The Personal Threading Maturity Model

Alan Zeichick’s proposal of an organizational Threading Maturity Model is an excellent contribution. As with object-orientation, it does not suffice for a single person to have mastery or near-mastery; the average ability of the team must be fair in order to maintain quality, chaos can be wrought by just one or two who are unaware, and reaching the higher levels requires cultivating talent for long enough for mastery to become part of the culture. However, the TMM isn’t very descriptive of individual progress and does not provide guidance. I thought that I’d take a crack at a Personal Thread Maturity Model (PTMM) that might be a complementary effort. Opinions more than welcome.

  1. Unaware: Single-threaded, may occasionally use threaded libraries unawares

The first level of concurrent programming is no conscious use of concurrence at all. Since no mainstream language makes threads a first-class concern, threads are only used as, essentially side-effects, in library and infrastructure calls. No useful recommendations can be made for programmers in this category, as by definition they are not part of the conversation.

  1. Casual: Conscious use of high-level abstractions (components, libraries) to solve specific problems

Today, the large majority of programmers are in this category. They are aware of threads and their ability to run a lengthy calculation or IO operation while maintaining a responsive UI. They may use a drag-and-drop component or a Thread object that allows a calculation to run to completion. Their experience with threading is generally positive: the UI remains responsive, the network calls back, etc. They may be taken aback by all the dire warnings about multithreading that are so common to discussions.

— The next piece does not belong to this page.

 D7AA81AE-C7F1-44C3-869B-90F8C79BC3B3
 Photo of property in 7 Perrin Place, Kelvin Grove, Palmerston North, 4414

Recommendations: Continue! “The simplest multithreading that can possibly work” often does! Become comfortable with callbacks and asynchronous patterns (in .NET, the Event-based Asynchronous Pattern). Avoid guaranteed trouble spots: don’t update the UI from a worker thread, don’t rely on shared data maintaining its state, don’t try to roll your own synchronization techniques.

  1. Rigid: Significant use of multiple cores, coordination based on locking

In this stage, programmers move from using threading as a pain-relief mechanism to a benefit that can be actively exploited. Asynchronous processing becomes an intentional part of design. They face their first wicked problems and gnarly bugs and become initiates in the “threading is hard” camp. Their designs focus on the use of locking to coordinate their programs; while they may occasionally use other techniques, locking is the hammer with which they pound the nail of concurrency.

Recommendations: The problem for this group is complacency. They’ve triumphed over problems and may have reached a plateau. They discover that core logic is often non-parallel and, although willing, may have a difficult time seeing places where asynchrony can contribute. At this level of mastery it may not be clear on today’s hardware that further learning is necessary. Unfortunately, since manycore machines are not yet available and few of us have access to parallel clusters, moving beyond this level of maturity is driven more by faith and reading than by hands-on experience.

  1. Flexible: Attempt to maximize use of cores, use of lock-free algorithms and data structures

This level is characterized by a deeper theoretical understanding of asynchronous processing, mastery of basic techniques, and determination to achieve the best results possible. Programmers at this level seek, not just to exploit their processors, but to saturate them. This stage is additionally characterized by a shift from programming-language-based thinking to hardware-based thinking.

Recommendations: This is a very difficult phase to move through. Popular texts will not guide you past this stage, advancement requires a combination of textbook theory, hardware knowledge, and hands-on experience. (I’m not going to claim to have moved beyond this phase myself.)

  1. Optimizing: Optimal use of parallel architecture

Parallelism is fully incorporated into one’s mental approach to solving problems via symbols. Specific techniques are considered not along any “better-worse” axis, but for their individual benefits and drawbacks. Multiple approaches may be incorporated into a single design. The world appears as falling strings of glowing numbers, bullets can be dodged, and Agent Smith can be defeated.